# PROBLEM DETAILS
Give the records again. Keep them exact and leave out the images.

# Source data
= = = =
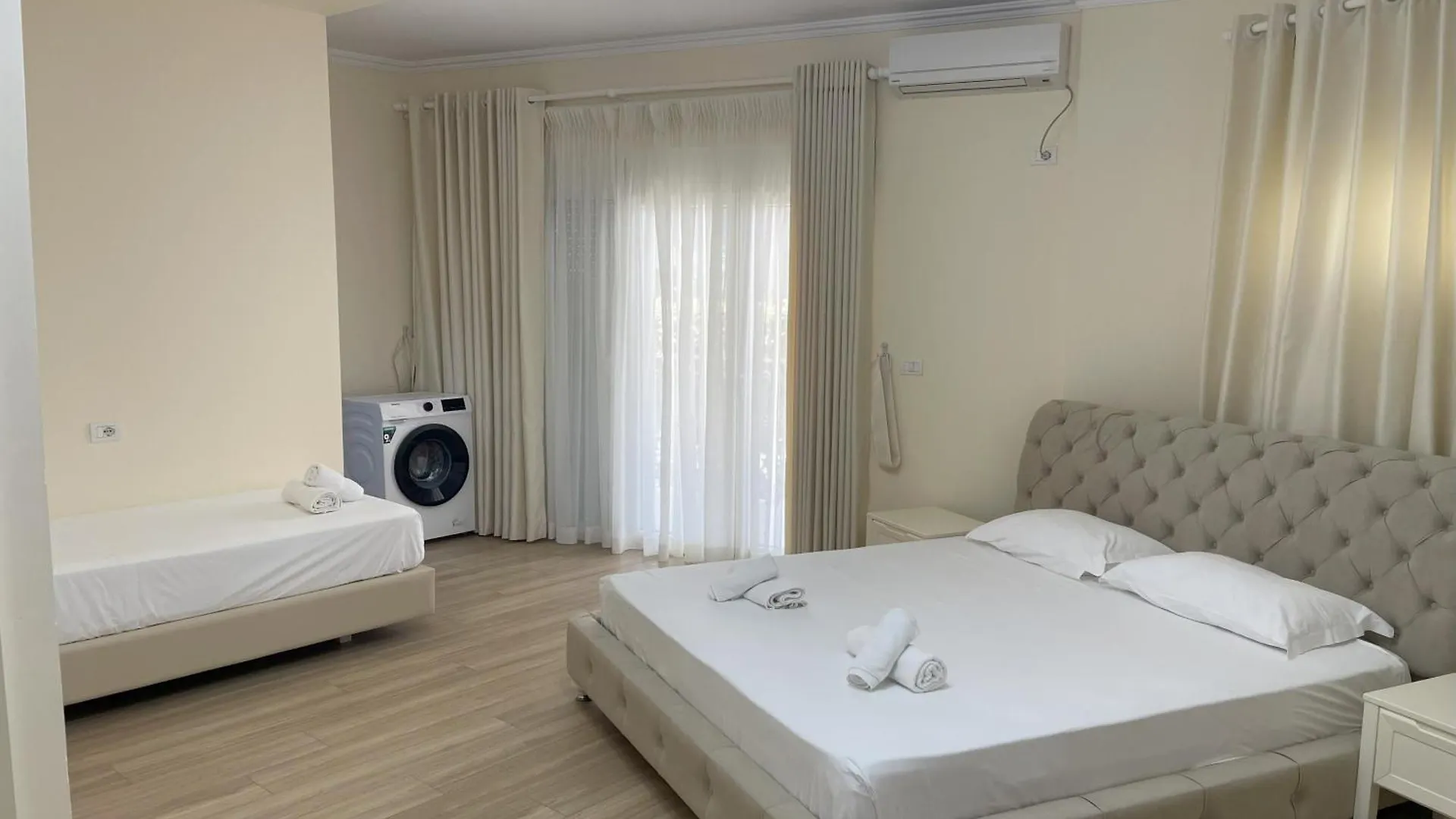 Primavera X Apartments Draç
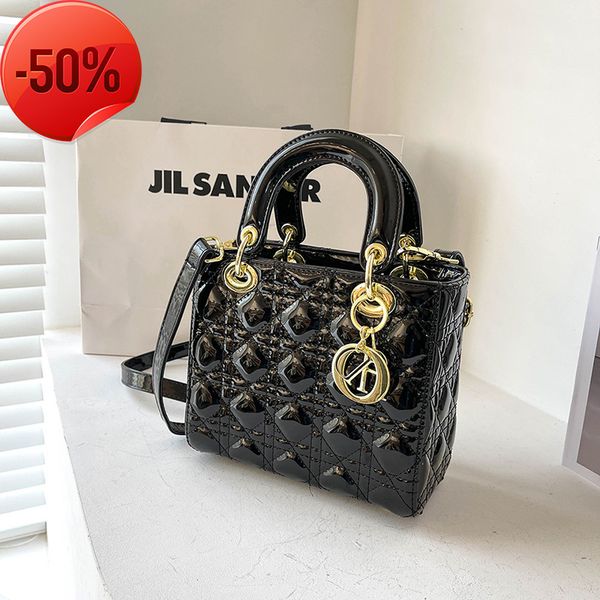 the factory directly 2022 new princs diana french frosted matte fashion summer one shoulder msenger portable women's bag
the factory directly 2022 new princs diana french frosted matte fashion summer one shoulder msenger portable women's bag
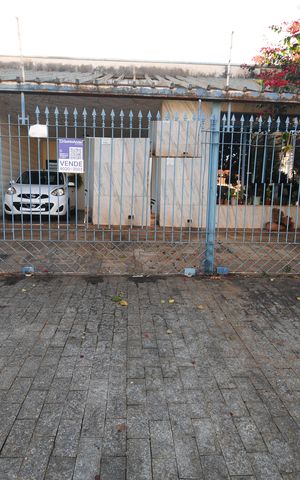 Casa à venda com 330m², 3 quartos e 6 vagasFachada / Placa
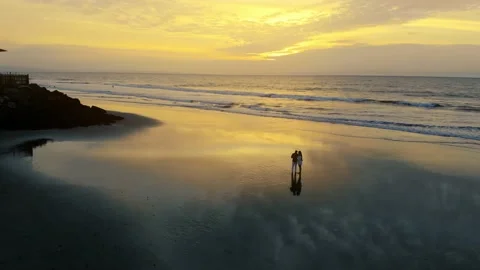 Magic sunset on the beach Vidéo 146908030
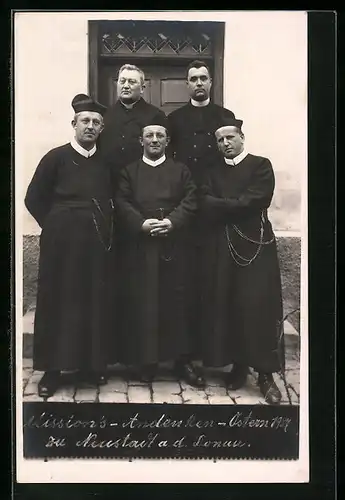AK Mission`s-Andenken.Ostern 1928 zu Neustadt a.d. Donau, fünf Missionare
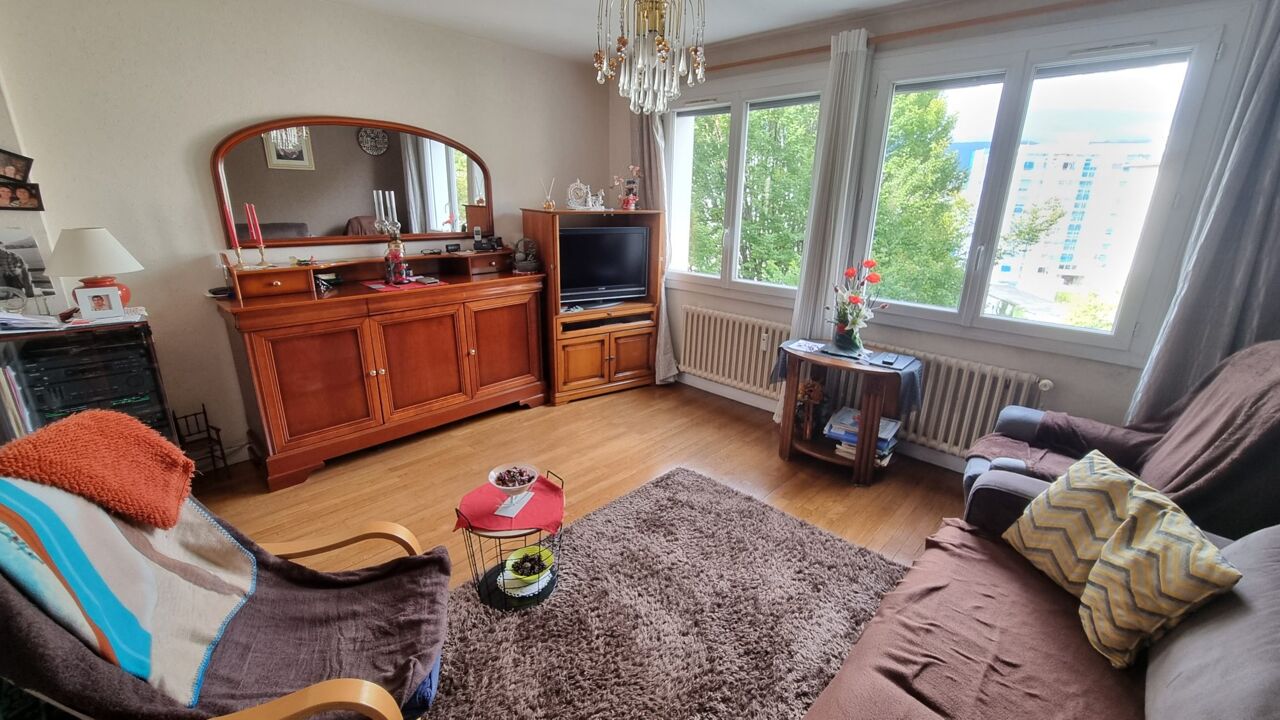 appartement 4 pièces 61 m2 à vendre à Chambéry (73000)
= = = =
# WRITTEN ANSWER
 Primavera X Apartments Draç
 the factory directly 2022 new princs diana french frosted matte fashion summer one shoulder msenger portable women's bag
the factory directly 2022 new princs diana french frosted matte fashion summer one shoulder msenger portable women's bag
 Casa à venda com 330m², 3 quartos e 6 vagasFachada / Placa
 Magic sunset on the beach Vidéo 146908030
AK Mission`s-Andenken.Ostern 1928 zu Neustadt a.d. Donau, fünf Missionare
 appartement 4 pièces 61 m2 à vendre à Chambéry (73000)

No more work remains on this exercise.